------ Source data

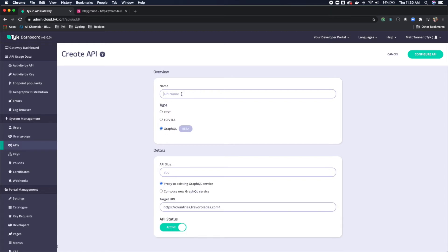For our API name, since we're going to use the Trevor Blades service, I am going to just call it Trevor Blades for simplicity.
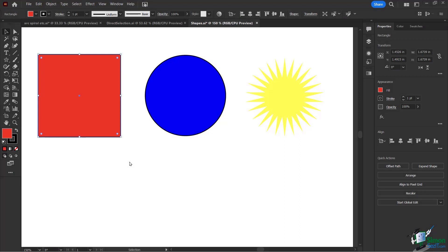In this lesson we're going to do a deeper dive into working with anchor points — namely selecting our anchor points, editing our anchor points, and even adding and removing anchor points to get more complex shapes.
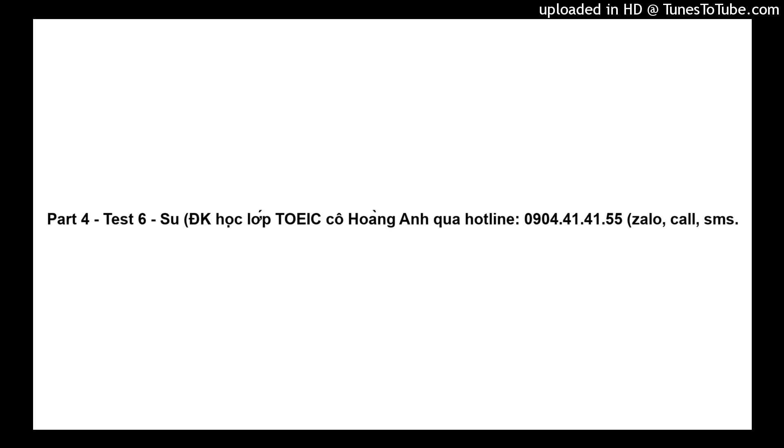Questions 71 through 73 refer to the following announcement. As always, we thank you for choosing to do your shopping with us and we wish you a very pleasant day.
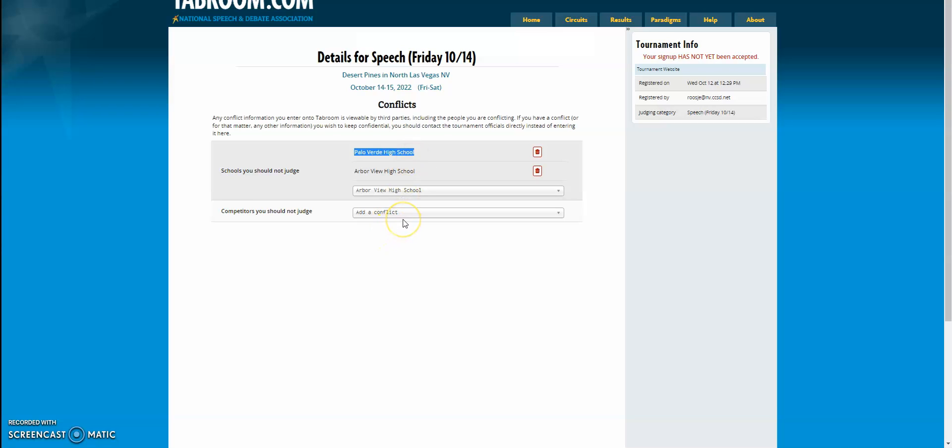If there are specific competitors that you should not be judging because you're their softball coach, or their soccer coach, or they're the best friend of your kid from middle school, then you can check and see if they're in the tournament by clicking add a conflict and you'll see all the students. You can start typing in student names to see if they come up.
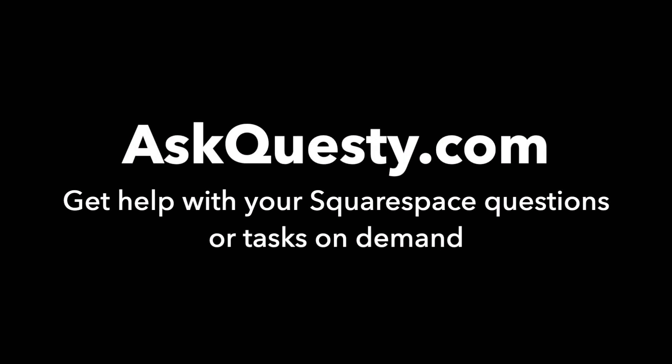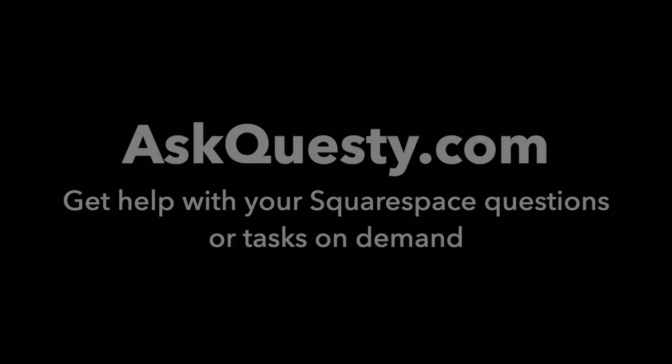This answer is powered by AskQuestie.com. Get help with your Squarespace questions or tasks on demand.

------------
------ Source data

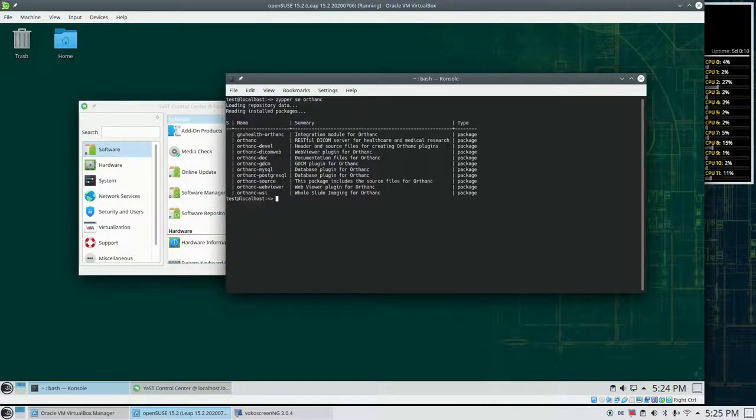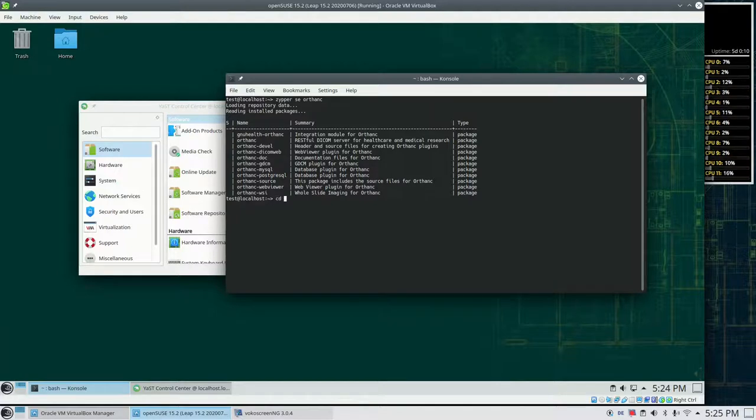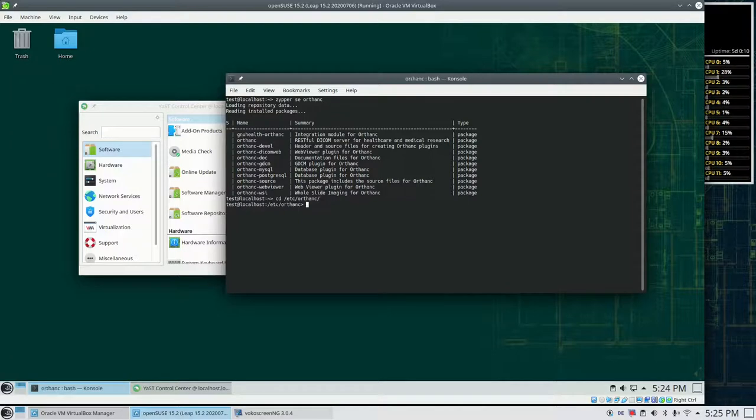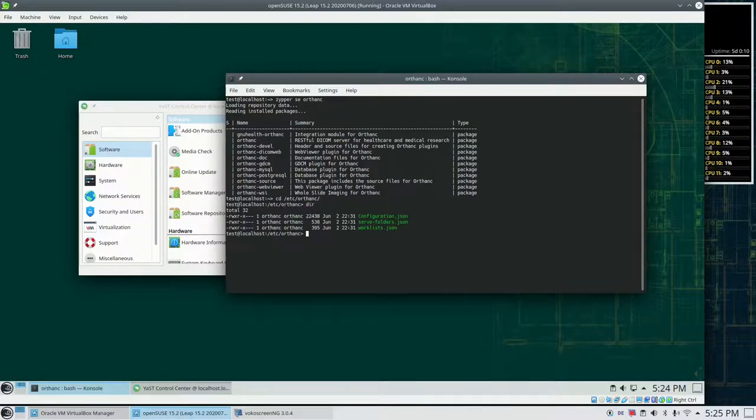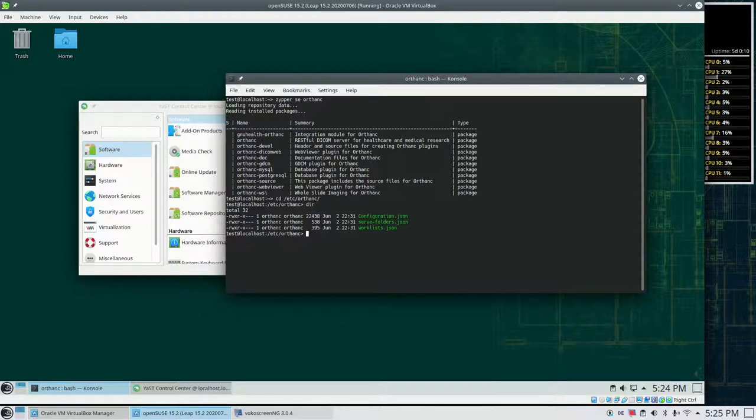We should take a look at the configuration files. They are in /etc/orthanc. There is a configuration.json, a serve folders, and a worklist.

------------

> [Action item]
With the pictures left out, write out exactly the lines above from the one containing "For our API" through the one containing "This answer is".

> [Your response]
For our API name, since we're going to use the Trevor Blades service, I am going to just call it Trevor Blades for simplicity.
In this lesson we're going to do a deeper dive into working with anchor points — namely selecting our anchor points, editing our anchor points, and even adding and removing anchor points to get more complex shapes.
Questions 71 through 73 refer to the following announcement. As always, we thank you for choosing to do your shopping with us and we wish you a very pleasant day.
If there are specific competitors that you should not be judging because you're their softball coach, or their soccer coach, or they're the best friend of your kid from middle school, then you can check and see if they're in the tournament by clicking add a conflict and you'll see all the students. You can start typing in student names to see if they come up.
This answer is powered by AskQuestie.com. Get help with your Squarespace questions or tasks on demand.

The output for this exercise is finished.